Reflecting on Jesus’s commendation and rebuke of the loveless church at Ephesus, in Revelation 2:1-7, John Crotts gently admonishes all of us in his little book, Graciousness: Tempering Truth with Love.
Churches are the Lord’s lights shining out in the dark world. Jesus is saying it would be better to have no church in the massive, thriving city of Ephesus than to have an unloving church, even if it preaches the truth and opposes people who oppose the truth. Being gracious in the way we speak truth to others forms a vital part of what Jesus requires from His people. We might think Jesus would be accommodating to a church committed to so many right things. He is not. He says that He is going to personally come and snuff out their candle. Their church would be eliminated; it would not shine out in Ephesus any longer. Speaking God’s truth in a loving and gracious way is that important.
A beautiful new sports car parked in front of a crowded restaurant grabs the attention of many people who eat there or walk anywhere close to it. Silent admiration and longings bubble up into all kinds of excited exclamations. Many spectators would be tempted to compare the beautiful machine before them to their adequate but less impressive vehicle. But what if the hood of the sports car suddenly opened up to reveal an empty shell? The engine and everything else are completely absent. After the initial surprise wears off, spectators might make a different comparison between the sports car that cannot move without a tow truck and their own vehicles, but this time with completely different results. Without the guts of the sports car, it cannot even be called a car. In the same way, a church may look like a church on the surface, even being passionately committed to God’s truth, but if it has no love for people, it cannot rightly be called a church. The Lord Jesus said love is such a vital part of a church that He would eliminate such loveless churches from existence if they do not repent.
These are sobering thoughts for each of us to ponder.
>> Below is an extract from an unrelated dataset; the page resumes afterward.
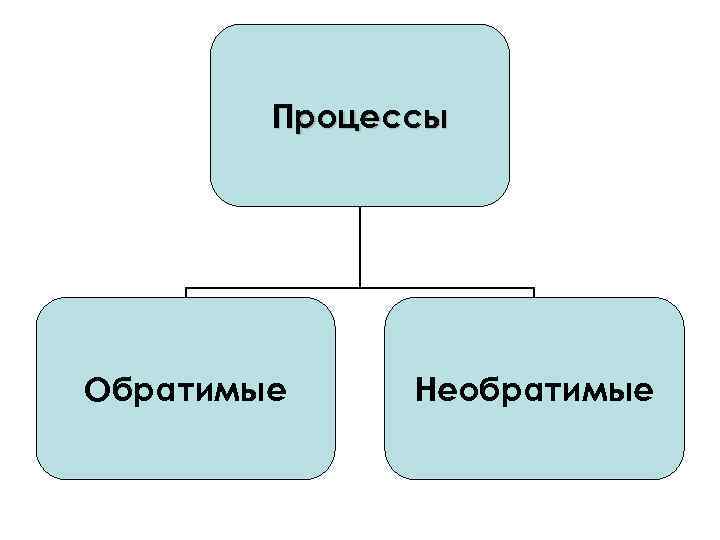 Процессы Обратимые Необратимые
Let’s ask ourselves some questions:
- Is my love for others in balanced proportion to my passion for biblical truth?
- Is the exterior of my Christian life in order, while my life “under the hood” is empty and powerless?
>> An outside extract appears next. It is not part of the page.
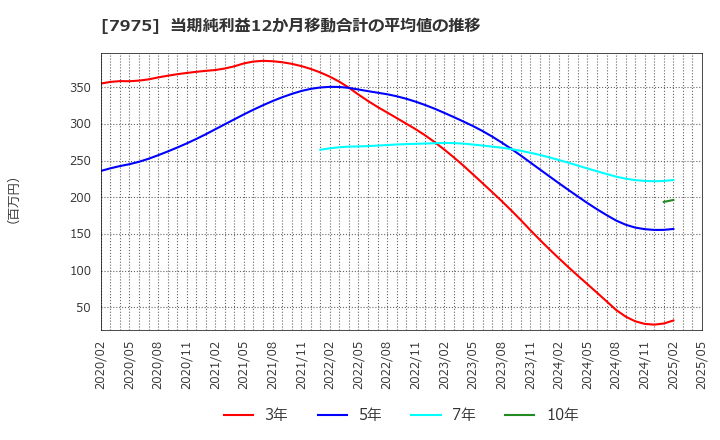 7975 (株)リヒトラブ: 当期純利益12か月移動合計の平均値の推移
- Is my local church family growing in love because I am part of it?
- Is my heart humble and willing to grow in love, while at the same time not compromise true doctrine?
- If Jesus were to visit my church, would He rebuke me and others for lovelessness?
- Or would Jesus commend us for having the kind of love that shows the power and hope of the gospel, and is a witness of God’s grace?
Remember what Jesus said, “By this everyone will know that you are my disciples, if you love one another” (John 13:35).